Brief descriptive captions
- - -

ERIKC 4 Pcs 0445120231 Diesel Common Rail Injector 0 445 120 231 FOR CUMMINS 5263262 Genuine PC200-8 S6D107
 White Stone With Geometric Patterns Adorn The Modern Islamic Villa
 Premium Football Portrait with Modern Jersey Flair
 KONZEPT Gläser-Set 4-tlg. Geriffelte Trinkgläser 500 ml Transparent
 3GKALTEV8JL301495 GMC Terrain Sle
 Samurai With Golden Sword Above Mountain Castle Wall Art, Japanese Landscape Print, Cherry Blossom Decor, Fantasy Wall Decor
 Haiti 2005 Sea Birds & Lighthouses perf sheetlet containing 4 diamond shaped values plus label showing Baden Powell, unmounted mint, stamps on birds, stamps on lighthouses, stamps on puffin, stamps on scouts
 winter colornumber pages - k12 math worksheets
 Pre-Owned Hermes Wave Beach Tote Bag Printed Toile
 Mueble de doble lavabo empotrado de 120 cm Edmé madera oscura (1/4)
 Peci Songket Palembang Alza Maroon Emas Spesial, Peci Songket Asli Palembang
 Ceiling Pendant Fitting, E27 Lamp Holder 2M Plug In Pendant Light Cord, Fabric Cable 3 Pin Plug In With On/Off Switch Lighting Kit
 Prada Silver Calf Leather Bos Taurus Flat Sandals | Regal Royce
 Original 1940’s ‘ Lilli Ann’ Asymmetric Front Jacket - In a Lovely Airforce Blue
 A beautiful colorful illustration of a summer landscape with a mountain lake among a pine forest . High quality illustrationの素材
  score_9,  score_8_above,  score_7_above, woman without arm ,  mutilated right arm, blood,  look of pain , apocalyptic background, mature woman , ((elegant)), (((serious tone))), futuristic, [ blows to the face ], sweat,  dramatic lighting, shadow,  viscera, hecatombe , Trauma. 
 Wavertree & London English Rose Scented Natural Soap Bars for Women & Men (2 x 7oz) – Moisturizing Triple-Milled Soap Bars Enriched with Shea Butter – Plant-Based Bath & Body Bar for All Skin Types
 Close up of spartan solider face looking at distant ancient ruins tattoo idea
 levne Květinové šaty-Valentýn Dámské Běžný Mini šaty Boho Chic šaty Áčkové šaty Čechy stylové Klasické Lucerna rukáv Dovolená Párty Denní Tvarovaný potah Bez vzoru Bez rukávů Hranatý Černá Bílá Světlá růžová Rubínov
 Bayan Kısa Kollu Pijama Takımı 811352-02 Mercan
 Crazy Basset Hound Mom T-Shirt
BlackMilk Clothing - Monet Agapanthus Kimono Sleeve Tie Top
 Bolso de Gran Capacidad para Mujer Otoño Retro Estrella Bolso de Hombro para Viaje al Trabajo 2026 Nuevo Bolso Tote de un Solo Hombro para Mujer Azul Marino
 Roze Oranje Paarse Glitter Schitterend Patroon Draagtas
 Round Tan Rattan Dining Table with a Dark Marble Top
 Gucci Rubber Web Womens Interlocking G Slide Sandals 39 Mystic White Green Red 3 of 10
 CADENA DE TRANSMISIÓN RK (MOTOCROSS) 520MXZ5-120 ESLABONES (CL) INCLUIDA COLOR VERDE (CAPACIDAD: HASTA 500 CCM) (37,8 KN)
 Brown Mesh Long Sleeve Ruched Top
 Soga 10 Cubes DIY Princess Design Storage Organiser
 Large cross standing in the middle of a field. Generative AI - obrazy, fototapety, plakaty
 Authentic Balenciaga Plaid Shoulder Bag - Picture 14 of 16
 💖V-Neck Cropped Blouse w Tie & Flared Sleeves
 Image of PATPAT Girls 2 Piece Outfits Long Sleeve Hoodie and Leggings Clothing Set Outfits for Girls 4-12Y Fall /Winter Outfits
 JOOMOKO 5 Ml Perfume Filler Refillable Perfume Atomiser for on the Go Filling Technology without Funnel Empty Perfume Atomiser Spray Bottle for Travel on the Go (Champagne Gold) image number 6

- - -

All lines from the one containing "Authentic Balenciaga Plaid" through the last line of the data must be set down exactly. No other lines belong in the answer.

- _Task result_:
 Authentic Balenciaga Plaid Shoulder Bag - Picture 14 of 16
 💖V-Neck Cropped Blouse w Tie & Flared Sleeves
 Image of PATPAT Girls 2 Piece Outfits Long Sleeve Hoodie and Leggings Clothing Set Outfits for Girls 4-12Y Fall /Winter Outfits
 JOOMOKO 5 Ml Perfume Filler Refillable Perfume Atomiser for on the Go Filling Technology without Funnel Empty Perfume Atomiser Spray Bottle for Travel on the Go (Champagne Gold) image number 6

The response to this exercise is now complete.